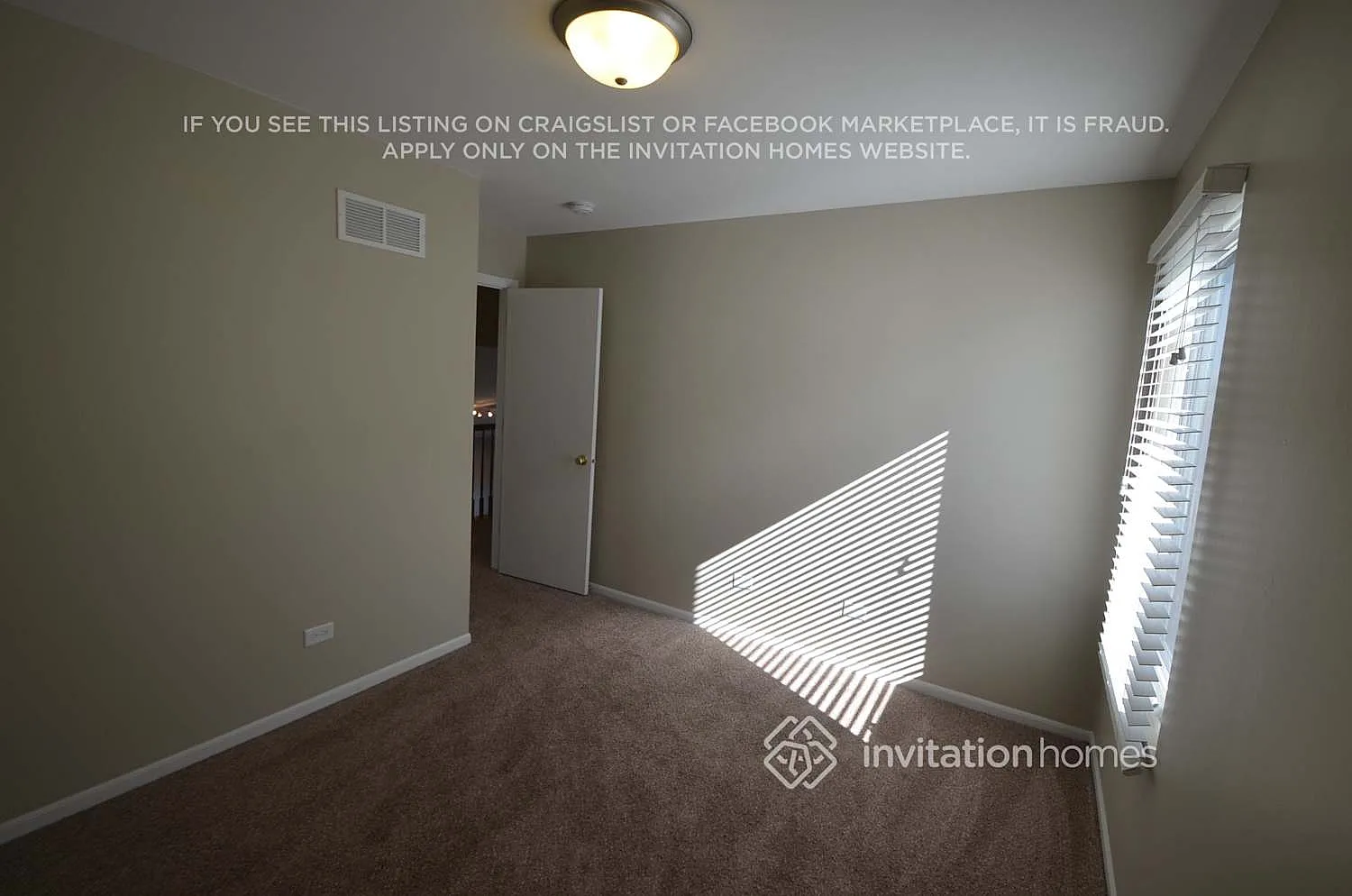 1706 Lake Pointe Dr Plainfield, IL 60586 — Photo 2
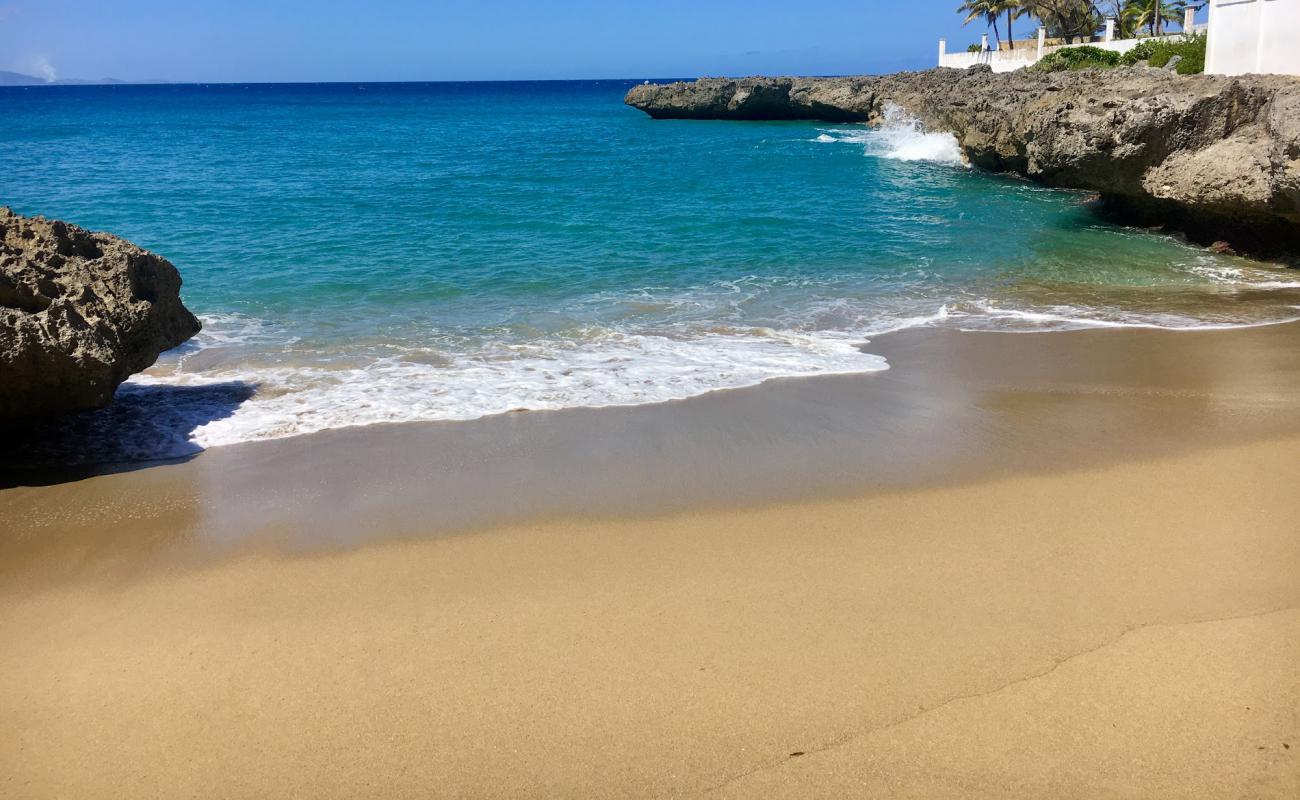 Playa Chiquita'in fotoğrafı i̇nce bej kum yüzey ile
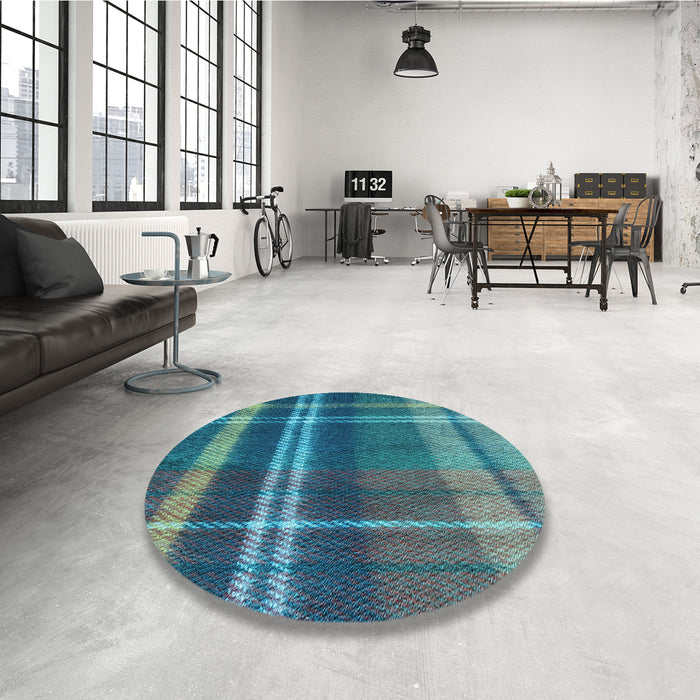 Round Patterned Blue Rug in a Office, pat2723lblu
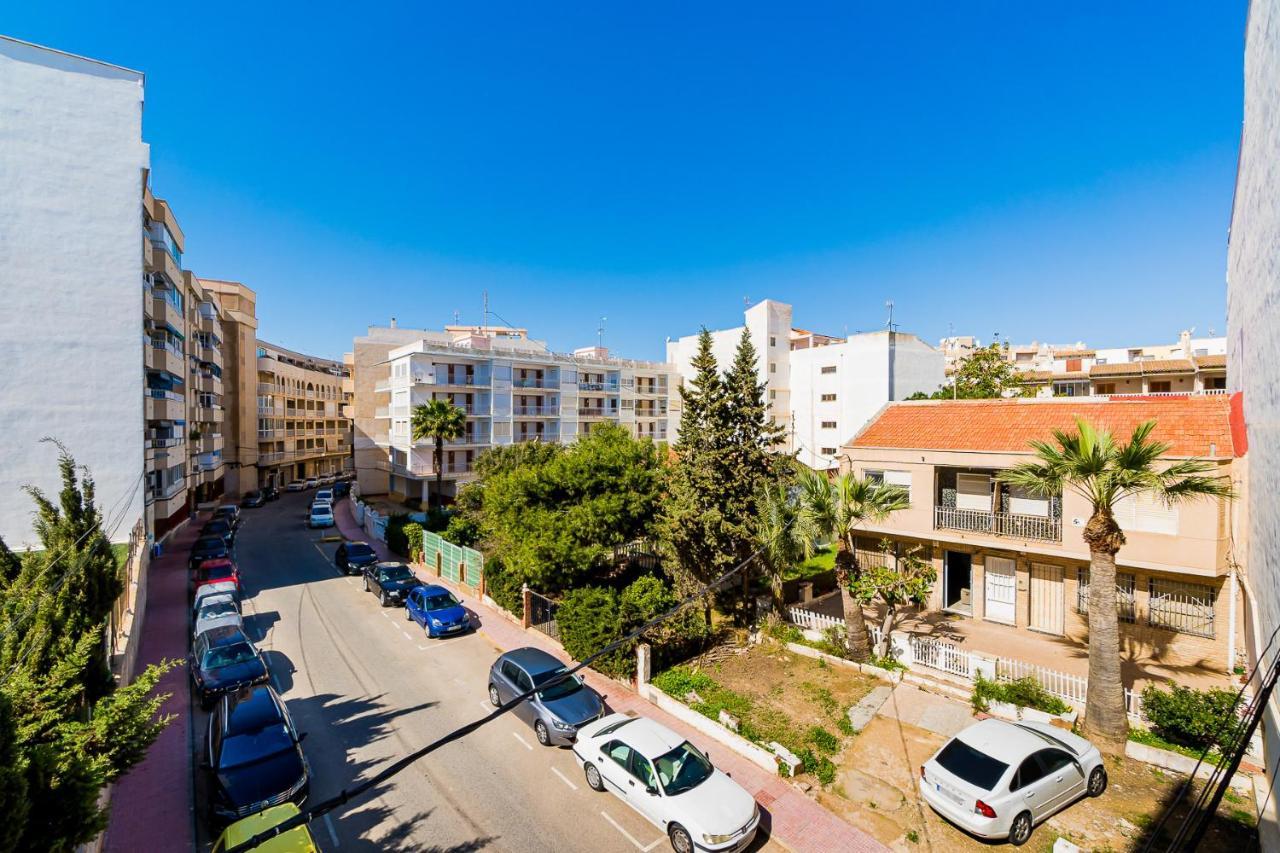 Apartamento Sunrise Orbiplaya Torrevieja Kültér fotó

━━━

### What the exercise asks
Nothing but the lines from the line containing "Round Patterned Blue" through the end of the data, both ends included, is to be reproduced, exactly as written and without the pictures.

### Answer section
 Round Patterned Blue Rug in a Office, pat2723lblu
 Apartamento Sunrise Orbiplaya Torrevieja Kültér fotó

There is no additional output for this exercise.